Inference — SDK Methods

The inference modality has no standalone typed client — it rides the Voice surface. You attach a speech-to-speech agent to a call with voice.agents.attach, configure turn detection and the model codec, and (optionally) tap the audio bridge. This page is the inference-relevant slice of the Voice SDK plus the turn-detection knobs.

A dedicated typed Inference client is Preview — see the bottom of this page. For shipping code today, use the Voice surface documented here.

Import

The agent path lives on the voice subpath:

TypeScript
Python

import { Voice } from "@clutchcall/sdk/voice";

const voice = new Voice({ baseUrl: BASE_URL, apiKey: KEY, orgId: ORG });

from clutchcall.voice import Voice

voice = Voice(base_url=BASE_URL, api_key=KEY, org_id=ORG)

Go, Rust, Java, and .NET bindings expose the same shapes (snake_case in Python, PascalCase methods in Go/.NET).

`voice.agents.attach`

Bind a speech-to-speech agent to a live (or just-originated) call. The runtime bridges the call’s uplink / downlink audio tracks to the model and owns turn-taking for the duration of the call.

TypeScript
Python

await voice.agents.attach(callSid, agent);

voice.agents.attach(call_sid, agent)

callSid

string

required

The call sid to bind the agent to, from originate() or an inbound answer.

agent

string | AgentSpec

required

Either an agent id (string) registered in the control plane, or an inline agent spec selecting the speech-to-speech model and its turn-detection config.

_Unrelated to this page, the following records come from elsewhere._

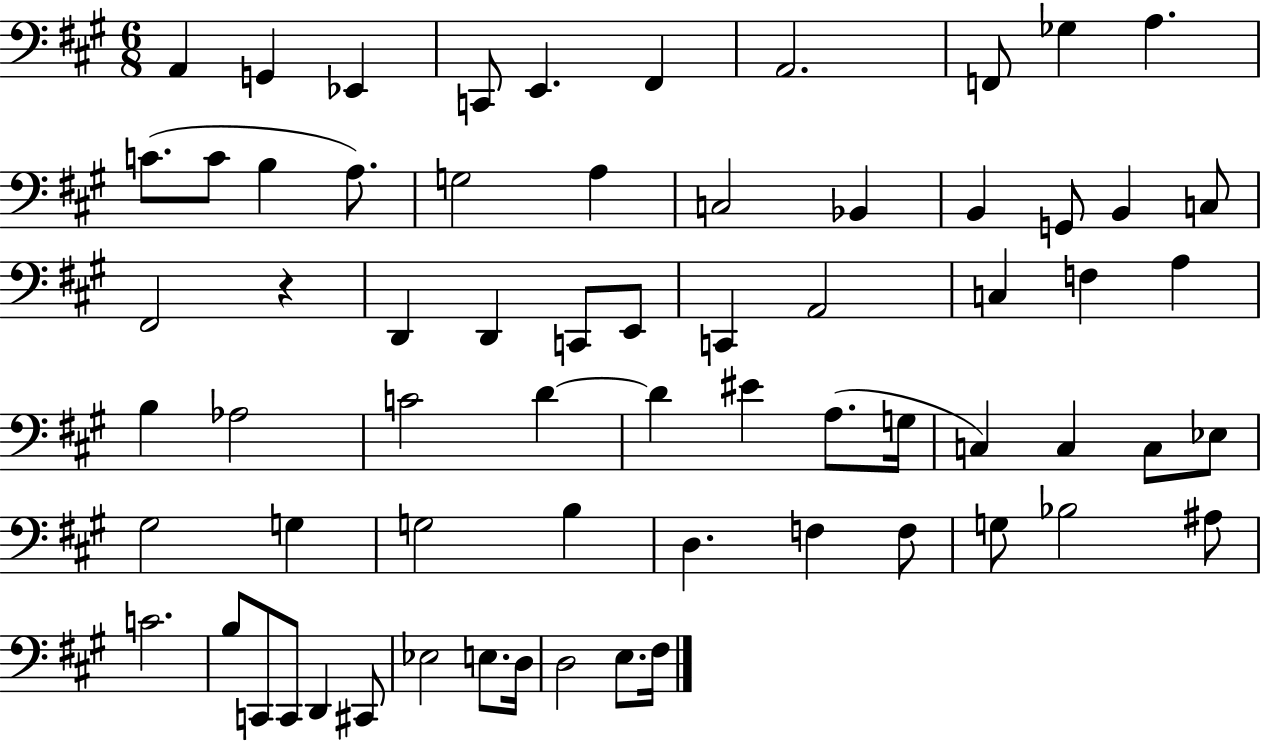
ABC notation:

X:1
T:Untitled
M:6/8
L:1/4
K:A
A,, G,, _E,, C,,/2 E,, ^F,, A,,2 F,,/2 _G, A, C/2 C/2 B, A,/2 G,2 A, C,2 _B,, B,, G,,/2 B,, C,/2 ^F,,2 z D,, D,, C,,/2 E,,/2 C,, A,,2 C, F, A, B, _A,2 C2 D D ^E A,/2 G,/4 C, C, C,/2 _E,/2 ^G,2 G, G,2 B, D, F, F,/2 G,/2 _B,2 ^A,/2 C2 B,/2 C,,/2 C,,/2 D,, ^C,,/2 _E,2 E,/2 D,/4 D,2 E,/2 ^F,/4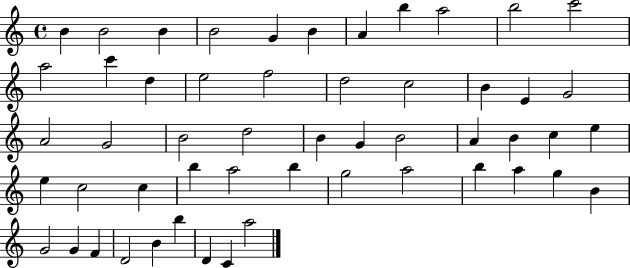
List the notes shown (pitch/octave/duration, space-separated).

B4/q B4/h B4/q B4/h G4/q B4/q A4/q B5/q A5/h B5/h C6/h A5/h C6/q D5/q E5/h F5/h D5/h C5/h B4/q E4/q G4/h A4/h G4/h B4/h D5/h B4/q G4/q B4/h A4/q B4/q C5/q E5/q E5/q C5/h C5/q B5/q A5/h B5/q G5/h A5/h B5/q A5/q G5/q B4/q G4/h G4/q F4/q D4/h B4/q B5/q D4/q C4/q A5/h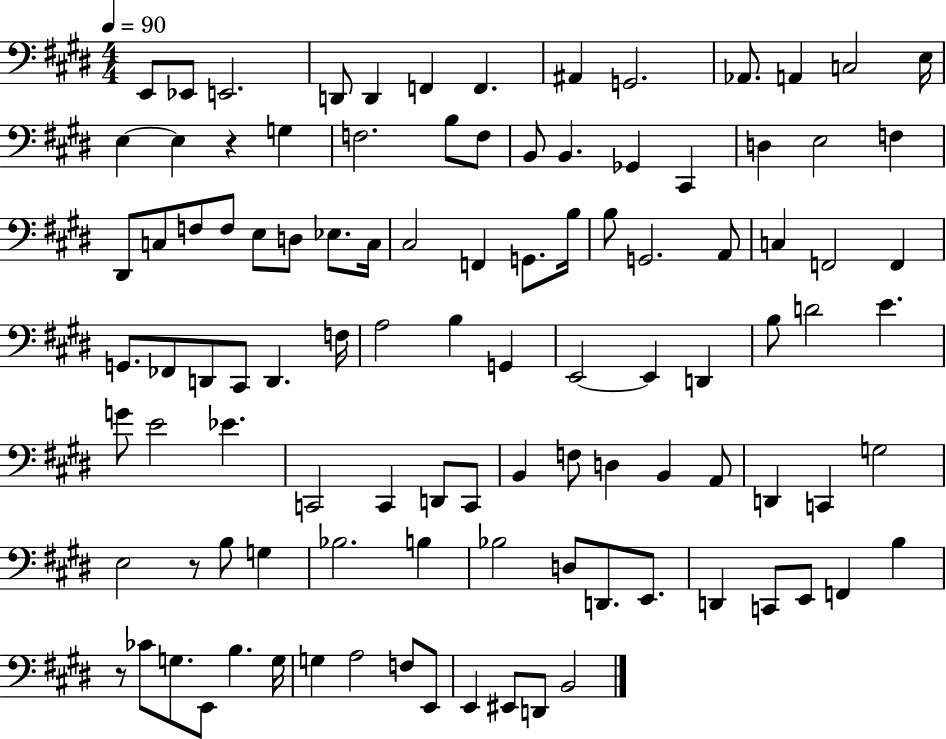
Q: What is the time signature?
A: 4/4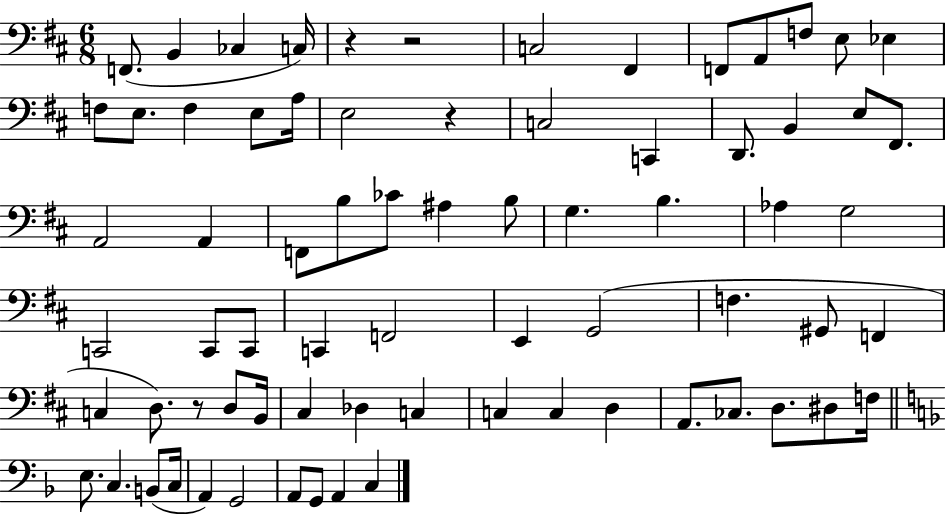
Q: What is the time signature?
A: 6/8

Returns Promise<void> — resolves once the agent is bridged. Audio begins flowing immediately; the first agent utterance is gated by turn detection.

Attaching at originate time

originate accepts an agent directly, so the common case is one call:

TypeScript
Python

const call = await voice.calls.originate({
  to:      "+15551234567",
  from:    "+15558675309",
  trunkId: "trunk_main",
  agent:   "support-s2s",     // attach the speech-to-speech agent inline
});

call = voice.calls.originate(
    to="+15551234567",
    from_="+15558675309",
    trunk_id="trunk_main",
    agent="support-s2s",
)

The agent spec

An inline AgentSpec selects the model leg and the turn-detection policy. The shape mirrors the agent config the control plane stores.

type AgentSpec = {
  // The model the runtime serves on the call's audio legs. Describe the model
  // as a speech-to-speech model in your registry; do not name a vendor here.
  mode: "speech_to_speech";
  modelCodec?: AudioCodec;        // what the model ingests/emits (default "pcm16")
  inputRateHz?: number;           // model input rate (default 16000)
  outputRateHz?: number;          // model output rate (default 24000)
  turnDetection?: TurnDetection;  // turn-taking + barge-in policy (below)
};

type AudioCodec = "opus" | "pcm16" | "g711_ulaw" | "g711_alaw";

ClutchCall resamples between the caller leg rate (commonly 8 kHz on PSTN) and the model’s inputRateHz / outputRateHz. You set the model’s rates; the caller leg is handled at the bridge.

Turn detection

The TurnDetection block is the heart of this modality — it owns the client-commit gate, backchannel suppression, and hold-and-confirm barge-in. Drop it into the agent spec, or set it server-side in the agent config.

type TurnDetection = {
  responseMinSpeechMs?: number;   // bursts shorter than this = backchannel, dropped
  commitMinIntervalMs?: number;   // cooldown between turn commits
  cancelMinIntervalMs?: number;   // cooldown between barge-ins
  bargeConfirmMs?: number;        // sustain speech this long before cancelling the agent
  ttsGuardMs?: number;            // raise the mic gate this long after agent audio
  silenceThresholdMs?: number;    // trailing silence before end-of-turn fires
  minSpeechMs?: number;           // discard candidate utterances shorter than this
  prefixPaddingMs?: number;       // audio kept before the speech-start marker
};

Field	Default	What it does	When to change
`responseMinSpeechMs`	600	Speech shorter than this is a backchannel — never commits a turn	Lower (400) to let very short utterances answer; raise to ignore more continuers
`commitMinIntervalMs`	1500	Minimum gap between two turn commits	Raise if the agent over-answers rapid speech
`cancelMinIntervalMs`	400	Minimum gap between barge-ins	Raise on noisy trunks that false-trigger
`bargeConfirmMs`	300	Speech must be sustained this long over the agent before it is cancelled	`0` = cancel on first frame (browser/AEC legs); raise on noisy legs
`ttsGuardMs`	200	Mic gate is raised for this long after each agent chunk	Raise on no-AEC SIP/PSTN legs where TTS bleeds into the mic
`silenceThresholdMs`	500	Trailing silence before end-of-turn fires	Lower (300) for snappier replies; higher (800) for thinkers
`minSpeechMs`	300	Discard candidate utterances shorter than this	Raise to 500 if line noise causes false triggers
`prefixPaddingMs`	200	Audio kept before the speech-start marker	Raise if first syllables get clipped

silenceThresholdMs below ~300 fires end-of-turn on inter-word pauses — the agent will interrupt the caller mid-sentence. Keep it at or above 300.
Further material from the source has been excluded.